Me parece triste y una pérdida de tiempo llegar a la tumba cargado con la misma mochila que has paseado toda la vida. Hay que desprenderse de ese bulto, dejarlo dulcemente posado en el arcén, o tirarlo con fuerza lejos, pero dejándolo atrás sea como sea. Llegamos a este mundo sin nada, y sin nada partiremos de él. Al menos, sin nada material, sin ego, sin tantas cosas que quizás durante nuestra vida hemos pensado que nos definían y que eso era lo que éramos, lo que hemos sido.
Siempre, la humildad necesaria
La vejez es la cura de humildad definitiva. Y la muerte es la liberación, las vacaciones de verano tras el esfuerzo, antes de iniciar un nuevo curso. Una y otra son las últimas grandes lecciones de la vida, lecciones que, como todas las demás, podemos aprender, aprehender, o ignorar. En eso sí que somos libres, para acertar o equivocarnos. La gran diferencia, pienso, es el cómo… dado que todos pasaremos por ahí de una u otra forma. La dignidad, la humildad, la coherencia con que asumamos la realidad en lugar de luchar en su contra, porque la realidad siempre vence. Una vez alguien me dijo que morimos como hemos vivido, y es posible que sea cierto.
También envejecer es una prueba de resistencia y a la vez, de aceptación. Aunque vivamos en una sociedad en la que la belleza suele estar reñida con la vejez, no puedo evitar ver belleza en todo esto… en este ciclo que llamamos vida y en cómo nos despiden de ella, con la pérdida, y el llanto, y el duelo, y la soledad, y la aceptación. Quizás, después de todo, no sea tan distinto a cómo entramos en la vida, solo que no recordamos el dolor y el miedo… Y a pesar de todo, somos capaces de mantener la esperanza. No me digáis que no hay belleza en todo esto…
Termino con un poema de «El libro azul», de Esteban González Bayo, que vi un día en Twitter compartido por su hijo, Esteban González Pons:
«A mi padre no lo recuerdo joven, poderoso, altivo.

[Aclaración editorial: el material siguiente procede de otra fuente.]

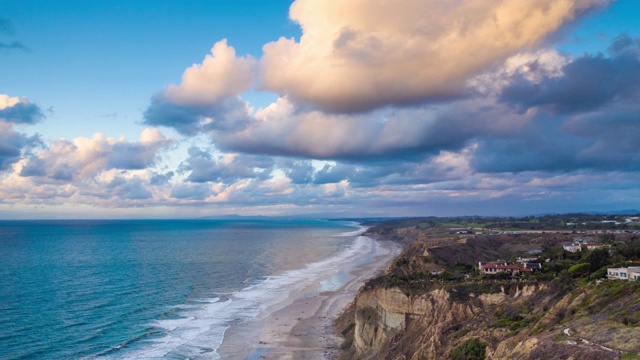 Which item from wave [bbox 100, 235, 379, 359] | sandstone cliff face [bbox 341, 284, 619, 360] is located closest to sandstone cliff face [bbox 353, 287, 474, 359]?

A mi padre lo recuerdo viejo, cansado, abatido.
¡Esperándome él!
¡Llegando yo!
Al final de su vida fue emocionante
cerrar nuestro círculo,
siendo yo su padre
y él, mi hijo».
Esteban González Bayo
El cuadro que ilustra esta entrada es «El relojero», llamado también «Revelación», pintado en 1955 por la gran Remedios Varo.